Optimizing LLMs on Local Hardware: The Qwen3.6-27B and RTX 3090 Case

Running Large Language Models (LLMs) on local infrastructure presents an ongoing challenge for companies aiming to maintain control over their data and optimize operational costs. In this context, recent work has demonstrated significant progress in optimizing the Qwen3.6-27B model on a single NVIDIA RTX 3090 GPU, a common hardware configuration for self-hosted deployments. The primary goal was to push the limits of the context window and enhance stability for workloads involving tool-agent interaction.

Current results indicate the ability to manage a context of approximately 218,000 tokens with a throughput of 50-66 tokens per second (TPS) for text and code, and about 198,000 tokens with vision capabilities at 51-68 TPS. These figures, while entailing a slight drop in throughput compared to previous configurations, represent a significant increase in context window and operational stability, particularly for tool calls generating large outputs, which now complete without Out Of Memory (OOM) errors.

Technical Details and the Solution to Instability

The improvement in stability was the result of an in-depth analysis of a persistent problem: previously, extended tool outputs, up to approximately 25,000 tokens, consistently caused system crashes. The root cause was identified as a Genesis patch (PN12), designed to mitigate a memory issue, which was not being correctly applied in vLLM dev205+ versions. Despite the system reporting successful patch application, the underlying code path remained unchanged.

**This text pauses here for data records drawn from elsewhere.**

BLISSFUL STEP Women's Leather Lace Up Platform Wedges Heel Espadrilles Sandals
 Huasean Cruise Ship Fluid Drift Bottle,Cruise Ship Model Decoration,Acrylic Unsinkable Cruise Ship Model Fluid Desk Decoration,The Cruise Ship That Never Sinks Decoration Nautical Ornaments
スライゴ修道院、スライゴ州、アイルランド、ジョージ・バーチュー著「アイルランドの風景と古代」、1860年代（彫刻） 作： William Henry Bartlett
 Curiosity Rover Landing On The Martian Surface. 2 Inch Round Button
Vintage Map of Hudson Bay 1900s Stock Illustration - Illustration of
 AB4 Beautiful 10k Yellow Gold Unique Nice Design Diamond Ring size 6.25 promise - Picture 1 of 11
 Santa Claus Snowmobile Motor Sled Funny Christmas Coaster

The core of the problem lay in an "anchor drift" within the patch, meaning a shift in anchors that prevented the correct modification of the code. Once this specific flaw was resolved, OOM errors during tool prefill disappeared, making configurations with much larger contexts usable. The solution has been documented and made available via a pull request on GitHub, providing a valuable reference for the community developing and managing LLMs in local environments.

Implications for On-Premise Deployments

This type of optimization is of fundamental importance for CTOs, DevOps leads, and infrastructure architects evaluating self-hosted alternatives versus cloud solutions for AI/LLM workloads. The goal is not simply to maximize throughput or context length in isolation, but to balance both aspects to ensure a smooth and reliable user experience on specific hardware like a single RTX 3090. The ability to handle contexts over 200,000 tokens with usable throughput and stable tool-agent workloads is a key factor for enterprise applications requiring complex and data-sensitive processing.

It is important to note some limitations. There is still a second "memory cliff" around 50-60K tokens for single-prompt workloads on a single GPU. However, this limitation does not apply when using tensor parallelism, for example with two RTX 3090s. Results also depend significantly on Quantization and the specific model configuration, highlighting the need for careful optimization. For those evaluating on-premise deployments, AI-RADAR offers analytical frameworks on /llm-onpremise to assess these trade-offs, providing a solid basis for informed decisions.

Future Outlook and Considerations for AI Infrastructure

Optimization work continues to be a cornerstone for the widespread adoption of LLMs in enterprise contexts with stringent data sovereignty and control requirements. The ability to run complex models like Qwen3.6-27B with extended contexts on accessible hardware such as a single RTX 3090 opens new opportunities for developing innovative AI applications, from code generation to legal document analysis, while keeping data within the corporate perimeter.

These advancements highlight the dynamic nature of the LLM ecosystem and the importance of Open Source collaboration in overcoming technical challenges. The community continues to explore how best to balance context and throughput on different hardware configurations, such as the RTX 3090 and 4090, constantly pushing the boundaries of what can be achieved with local infrastructures.